The label has added this note about the release however: “The infamous originally-filmed ‘Harriet drill bit’ kill scene was not found or included unfortunately. We looked and asked endlessly. It was not on the original negative and there was no workprint footage we could locate. Trust us, we love the movie just as much as you and we tried!” Still, mostly good news, especially that Paramount was able to located the original uncut negative of the film.
Extras will include the following on Disc One: A new 4K scan of the original camera negative, 8 featurettes (An Anemic Valentine: An Interview with Director George Mihalka, From the Heart: An Interview with Actor Paul Kelman, Friends of Mine: An Interview with Actress Lori Hallier, Axel, Be My Valentine: An Interview with Actor Neil Affleck, Becoming Sylvia: An Interview with Actress Helene Udy, The Secret Keeper: An Interview with Actor Rob Stein, Broken Hearts and Broken Bones: An Interview with Special Makeup Effects Designer Tom Burman, and Holes in the Heart: A Look at the Difference Between the Theatrical Version and the Uncut Version), the original theatrical trailer, original TV spots, original radio spots, and a still gallery.

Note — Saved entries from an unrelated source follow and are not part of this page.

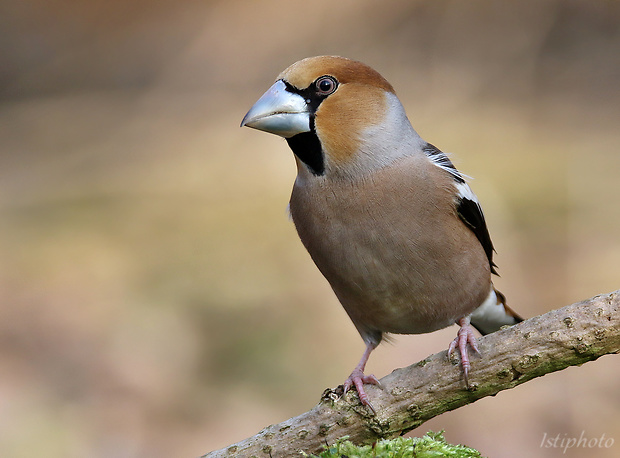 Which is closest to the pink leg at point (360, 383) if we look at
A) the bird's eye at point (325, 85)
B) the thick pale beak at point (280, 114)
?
the thick pale beak at point (280, 114)

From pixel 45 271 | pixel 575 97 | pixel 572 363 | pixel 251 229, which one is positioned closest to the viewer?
pixel 572 363

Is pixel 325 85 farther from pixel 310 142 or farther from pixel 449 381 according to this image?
pixel 449 381

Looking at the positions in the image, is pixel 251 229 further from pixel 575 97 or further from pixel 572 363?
pixel 572 363

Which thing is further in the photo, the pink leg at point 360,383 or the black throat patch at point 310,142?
the black throat patch at point 310,142

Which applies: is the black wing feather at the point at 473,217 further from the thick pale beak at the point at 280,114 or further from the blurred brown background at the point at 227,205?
the blurred brown background at the point at 227,205

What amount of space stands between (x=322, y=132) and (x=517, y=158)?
5.85m

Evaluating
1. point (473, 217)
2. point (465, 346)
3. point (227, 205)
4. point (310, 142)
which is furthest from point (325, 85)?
point (227, 205)

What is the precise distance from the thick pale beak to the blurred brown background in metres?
2.89

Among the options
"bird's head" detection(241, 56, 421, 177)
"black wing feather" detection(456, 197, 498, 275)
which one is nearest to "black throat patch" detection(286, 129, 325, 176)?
"bird's head" detection(241, 56, 421, 177)

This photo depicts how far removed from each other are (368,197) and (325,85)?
0.48 meters

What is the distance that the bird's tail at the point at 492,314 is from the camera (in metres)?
3.62

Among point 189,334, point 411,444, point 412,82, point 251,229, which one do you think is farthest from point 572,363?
point 412,82

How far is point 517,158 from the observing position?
8.39m

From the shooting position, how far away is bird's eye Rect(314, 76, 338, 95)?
301 cm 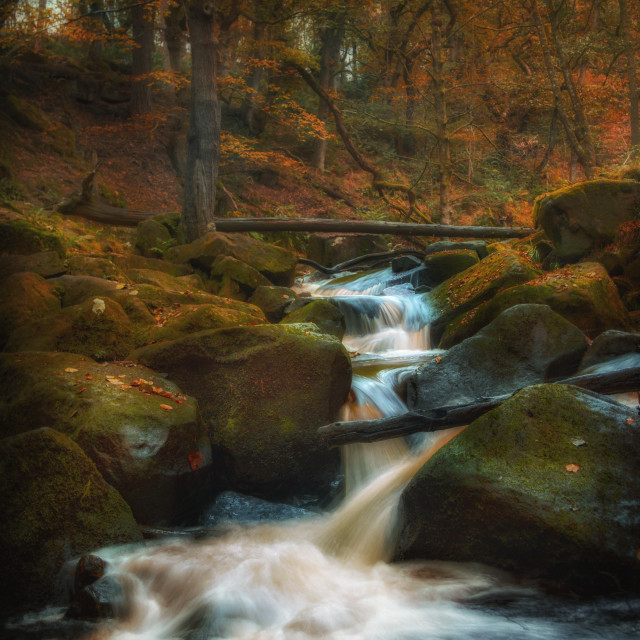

Disc Two includes: A new 4K scan of the uncut original camera negative, new audio commentary with director George Mihalka, the My Bloody Valentine: 35th Anniversary Cast Reunion Panel featurette, and Thomas Kovacs Performs “The Ballad of Harry Warden” at the Bay of Blood Convention.
Now then... Universal has just officially announced the Blu-ray and DVD release of Bong Joon-ho’s Parasite on 1/28, with a 4K Digital version that’s now available as of today. At the moment, it appears that the 4K is strictly Digital only here in the States, though it’s possible that a physical 4K version could be released later if sales of the title are strong enough. Extras will include a Q&A with Director Bong Joon-ho featurette.
Also, Paramount has revealed that John Krasinski’s A Quiet Place is being re-issued on 4K Ultra HD on 3/10 in new Mondo Steelbook packaging. This is timed to promote the theatrical release of the sequel film, which hits theaters on 3/20. You can see the cover artwork above left and also below.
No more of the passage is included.